The reasons for this blog: 1. To provide basic author information for students, teachers, librarians, etc. (Please see sidebar) 2. I think out loud a lot as I work through writing projects, and I'm trying to dump most of those thoughts here rather than on my friends.

Saturday, April 25, 2009

Got family stuff done, will work on former GN tonight. However, while walking Tyson I was thinking about the swordfighting ms, and sort of taking in the fact that the plot might not actually get started till halfway through the book. I thought, "That's a lot of setup--half a book--and how on earth can it not be boring?" Then I thought, "The story doesn't start halfway through the book, because the story isn't about what happens." The story--including the stuff that starts farther in (that used to be the beginning)--is this about MC's maturation, disillusionment, etc. His father getting killed isn't setup that spurs him to later action.* It's part of what changes him. What I was thinking of as setup needs to be considered with the same weight as the plotline that kicks in later. Every event in the so-called "setup" needs to be given the same consideration as events that happen down the road. I need to look carefully at each piece as I work on it; I think some may still be transitional/informational, but now I feel that plenty of them are going to be more concrete steps on the character's inner journey.

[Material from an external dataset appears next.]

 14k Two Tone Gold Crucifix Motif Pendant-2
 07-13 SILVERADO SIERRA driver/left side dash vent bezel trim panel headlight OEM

Now, I may have been already halfway thinking this way in the back of my mind, but I probably need to be more deliberately aware. What I need to do--probably--is to keep the big picture of the character's arc in mind as I work on these things, and not focus so much on how he felt/thought last chapter and what changes now that so-and-so happens in this chapter and how it leads to next chapter.

I doubt I'll absorb this idea enough to put it in play for a while; knowing me I'll have to realize it several times before it sinks in. I can't word it clearly enough yet for my mind to internalize what it really means as far as hands-on daily work. But thinking it is a good start.


*Well it is, but I need to stop thinking of it that way because it's causing problems.